Below are the records. Retype exactly the lines between the lines holding "Neon vector icons" and "Miniatura 3 de", inclusive.

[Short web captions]
....

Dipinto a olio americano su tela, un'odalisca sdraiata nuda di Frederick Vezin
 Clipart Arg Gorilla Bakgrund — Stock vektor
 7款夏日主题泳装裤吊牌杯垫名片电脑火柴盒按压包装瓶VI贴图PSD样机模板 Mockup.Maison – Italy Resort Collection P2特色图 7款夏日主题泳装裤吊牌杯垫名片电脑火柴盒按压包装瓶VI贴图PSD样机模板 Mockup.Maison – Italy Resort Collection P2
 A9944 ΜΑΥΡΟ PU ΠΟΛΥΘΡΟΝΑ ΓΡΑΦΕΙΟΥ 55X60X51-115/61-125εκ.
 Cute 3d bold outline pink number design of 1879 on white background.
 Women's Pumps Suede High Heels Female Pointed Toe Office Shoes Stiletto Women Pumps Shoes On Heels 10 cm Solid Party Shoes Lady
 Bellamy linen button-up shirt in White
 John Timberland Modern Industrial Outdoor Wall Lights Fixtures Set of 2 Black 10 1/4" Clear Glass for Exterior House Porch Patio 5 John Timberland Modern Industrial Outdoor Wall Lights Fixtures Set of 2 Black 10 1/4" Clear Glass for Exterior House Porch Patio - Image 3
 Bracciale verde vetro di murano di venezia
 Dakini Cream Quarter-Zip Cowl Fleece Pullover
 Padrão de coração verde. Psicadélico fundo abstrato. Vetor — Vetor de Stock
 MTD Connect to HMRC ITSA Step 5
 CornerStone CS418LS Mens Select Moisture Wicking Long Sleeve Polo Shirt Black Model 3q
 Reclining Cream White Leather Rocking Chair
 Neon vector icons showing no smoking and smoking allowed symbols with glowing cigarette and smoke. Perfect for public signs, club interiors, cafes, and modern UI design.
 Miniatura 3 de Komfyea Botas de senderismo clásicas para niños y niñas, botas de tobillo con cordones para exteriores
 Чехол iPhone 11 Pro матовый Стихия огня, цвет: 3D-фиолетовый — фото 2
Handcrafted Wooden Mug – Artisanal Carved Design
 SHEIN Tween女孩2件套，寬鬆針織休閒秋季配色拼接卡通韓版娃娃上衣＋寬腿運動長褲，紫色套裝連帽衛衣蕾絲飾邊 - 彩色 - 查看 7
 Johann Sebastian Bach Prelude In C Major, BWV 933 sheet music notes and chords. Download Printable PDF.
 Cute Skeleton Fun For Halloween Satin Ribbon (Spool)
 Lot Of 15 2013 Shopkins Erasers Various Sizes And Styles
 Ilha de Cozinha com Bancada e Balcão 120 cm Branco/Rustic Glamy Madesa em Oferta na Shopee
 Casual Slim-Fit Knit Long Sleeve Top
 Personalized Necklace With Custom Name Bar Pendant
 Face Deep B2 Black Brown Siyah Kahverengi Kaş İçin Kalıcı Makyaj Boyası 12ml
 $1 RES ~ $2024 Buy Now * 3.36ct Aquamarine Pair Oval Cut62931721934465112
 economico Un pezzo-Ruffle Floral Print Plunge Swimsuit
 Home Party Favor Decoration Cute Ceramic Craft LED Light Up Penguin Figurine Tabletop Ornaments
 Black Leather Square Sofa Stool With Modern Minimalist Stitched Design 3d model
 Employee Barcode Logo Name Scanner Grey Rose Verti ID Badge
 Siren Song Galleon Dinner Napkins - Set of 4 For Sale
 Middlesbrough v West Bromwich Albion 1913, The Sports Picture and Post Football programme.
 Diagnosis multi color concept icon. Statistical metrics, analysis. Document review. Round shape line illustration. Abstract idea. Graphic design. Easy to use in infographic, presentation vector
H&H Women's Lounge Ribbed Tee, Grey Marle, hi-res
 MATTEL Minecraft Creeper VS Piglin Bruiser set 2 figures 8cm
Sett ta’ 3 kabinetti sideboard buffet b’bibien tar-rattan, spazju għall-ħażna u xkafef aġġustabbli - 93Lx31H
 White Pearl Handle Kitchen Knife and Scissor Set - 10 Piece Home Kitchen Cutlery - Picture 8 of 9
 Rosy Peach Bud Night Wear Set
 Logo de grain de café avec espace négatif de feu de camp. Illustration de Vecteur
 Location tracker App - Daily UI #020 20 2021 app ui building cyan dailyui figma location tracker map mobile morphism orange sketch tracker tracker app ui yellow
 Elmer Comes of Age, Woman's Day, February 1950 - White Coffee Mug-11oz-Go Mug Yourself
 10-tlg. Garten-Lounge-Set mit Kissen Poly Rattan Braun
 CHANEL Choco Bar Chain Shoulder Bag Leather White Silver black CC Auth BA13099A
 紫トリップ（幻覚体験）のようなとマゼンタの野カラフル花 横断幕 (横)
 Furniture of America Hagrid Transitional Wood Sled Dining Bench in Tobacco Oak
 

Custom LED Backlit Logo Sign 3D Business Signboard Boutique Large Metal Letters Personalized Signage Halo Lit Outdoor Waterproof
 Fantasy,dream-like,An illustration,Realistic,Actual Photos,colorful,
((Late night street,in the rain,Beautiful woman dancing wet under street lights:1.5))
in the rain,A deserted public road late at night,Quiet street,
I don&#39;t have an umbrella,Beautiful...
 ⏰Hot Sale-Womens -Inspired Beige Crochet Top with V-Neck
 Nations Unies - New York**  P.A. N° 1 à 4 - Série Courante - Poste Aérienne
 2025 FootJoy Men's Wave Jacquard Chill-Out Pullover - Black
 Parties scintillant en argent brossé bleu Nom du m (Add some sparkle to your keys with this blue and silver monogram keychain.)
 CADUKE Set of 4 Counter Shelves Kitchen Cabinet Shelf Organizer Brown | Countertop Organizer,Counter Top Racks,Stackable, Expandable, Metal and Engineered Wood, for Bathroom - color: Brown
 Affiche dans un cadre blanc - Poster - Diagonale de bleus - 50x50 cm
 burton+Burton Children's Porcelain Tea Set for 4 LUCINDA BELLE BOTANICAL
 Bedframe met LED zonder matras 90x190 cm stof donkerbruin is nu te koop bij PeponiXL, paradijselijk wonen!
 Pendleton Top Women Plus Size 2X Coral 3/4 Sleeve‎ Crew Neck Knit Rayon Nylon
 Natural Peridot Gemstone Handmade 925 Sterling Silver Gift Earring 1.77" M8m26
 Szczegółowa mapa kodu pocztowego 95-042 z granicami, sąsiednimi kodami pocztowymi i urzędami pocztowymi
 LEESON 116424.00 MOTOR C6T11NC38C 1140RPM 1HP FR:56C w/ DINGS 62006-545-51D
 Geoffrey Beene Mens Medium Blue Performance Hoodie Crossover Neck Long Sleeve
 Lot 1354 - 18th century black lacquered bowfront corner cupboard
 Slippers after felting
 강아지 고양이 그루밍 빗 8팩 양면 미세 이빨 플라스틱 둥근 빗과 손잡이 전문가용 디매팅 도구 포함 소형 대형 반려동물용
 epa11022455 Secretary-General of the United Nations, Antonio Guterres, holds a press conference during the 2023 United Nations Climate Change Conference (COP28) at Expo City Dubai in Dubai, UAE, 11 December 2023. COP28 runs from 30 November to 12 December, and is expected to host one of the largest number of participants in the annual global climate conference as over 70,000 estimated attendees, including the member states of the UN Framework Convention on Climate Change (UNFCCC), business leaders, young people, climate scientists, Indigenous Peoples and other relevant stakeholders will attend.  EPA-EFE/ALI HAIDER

....

Answer to this problem:
 Neon vector icons showing no smoking and smoking allowed symbols with glowing cigarette and smoke. Perfect for public signs, club interiors, cafes, and modern UI design.
 Miniatura 3 de Komfyea Botas de senderismo clásicas para niños y niñas, botas de tobillo con cordones para exteriores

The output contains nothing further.